In 1862 Parkes was 46. He had several failed business ventures behind him, but was beginning to get on in Australian politics. Carlyle, twenty years his senior, cranky with the proofs of Frederick the Great, had warmed up to him socially but was nevertheless a fierce conversationalist. Parkes had recently published a small collection of poems which he thought of giving to Carlyle, but in the end he hadn't the nerve. He presented them instead to Jane Carlyle.
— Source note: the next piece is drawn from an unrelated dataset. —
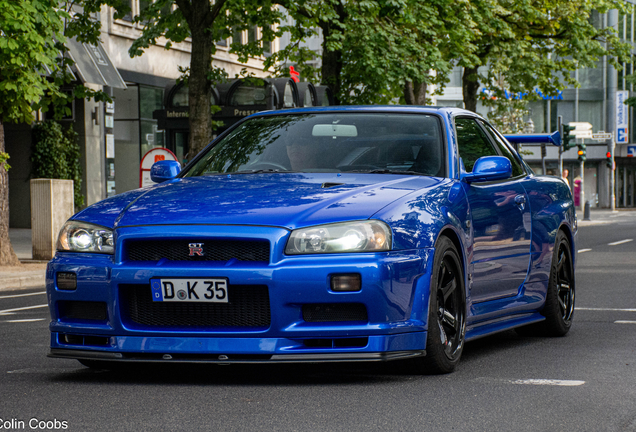 Nissan Skyline R34 GT-R V-Spec - 22 May 2021 - Autogespot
Parkes reports in his memoirs -- and now we are getting to the point of this post -- that on one occasion, ever the auto-didact and self-improver, he asked the Sage of Chelsea for some bookish advice:
'I have sometimes thought that it would be a good thing for a man like me-- imperfectly educated and with many things always pressing upon his time, to put aside all books, save ten or twelve authors, and thoroughly master them. In such case, what authors would you suggest?' He made some curt observations which I interpreted as unfavourable, and I felt half ashamed of what I had said. When I called again he said, 'I have jotted down some books for you, if you carry out your plan of studying a few authors,' and he fetched me the list written in pencil on a torn sheet of paper.
Here is the list which Parkes received:
[obverse large] [reverse large]
My faithful transcription:
List of books given to me
by Thomas Carlyle which he recommended
me to buy HP.
--------------------------------------
Pope's Works
Swift's Works (Gulliver, Battle of Books)
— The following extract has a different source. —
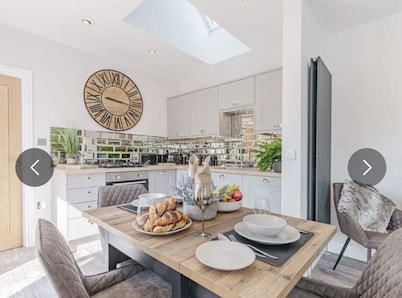 Newly Built & Stunning Ground Floor Property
Ld Hailes's Annals of Scotland [i.e. David Dalrymple, Lord Hailes]
Camden's Britannia (Philemon
Holland's translation, 1 vol 4to
costs abt 12/.., date abt 1620-1630)
Heimskringla (or History of the Norse Kings;Sea Kings
Laing's translatn, 3 vols. 8vo)-
Anson's Voyage (excellt); Byrons Narrative (good).
Goldsmith, Vicar of Wakefield
Smollett's Humphrey Clinker
}Richardson, Fielding
&c. if you like such
things
Arabn Tales; Don Quixote
Franklin's Essays & Autobiography.
Sheraton's Works
Boswell's Life of Johnson
----Journey to Western Isles.
Plutarch's Lives (editn revised
by Clough, Boston America 7 or 8 yrs [?]
ago, is far the best)
--------------------------------------
[reverse]
Fuller's Worthies of Engld (i.e.
Notabilia of Engld: tolerably good)
Chaucer (& make the young ones
learn to read him) is excellt.
Parkes comments: "I doubt if many persons would adopt this selection of books, famous as was the selector, and excellent as many of the works undoubtedly are..." But he treasured the list enough to keep it for thirty years and to have a facsimile tipped into Fifty Years.
January 23, 2006

Comments
Such an idiosyncratic list. "& make the young ones learn to read him." I love it. But what would one expect from Carlyle. Or should I write, What Would One Expect from Carlyle!! I always feel like I should be reading Carlyle's prose in a sustained shout.
Just found your blog recently and am immensely enjoying your archives. Thanks.
Ed
Posted by: Edward Pettit | Feb 24, 2006 11:41:40 AM
Thanks, Ed, for stopping by and introducing yourself. The Bibliothecary looks like a lot of fun -- loved the link to Chaucer's Blog!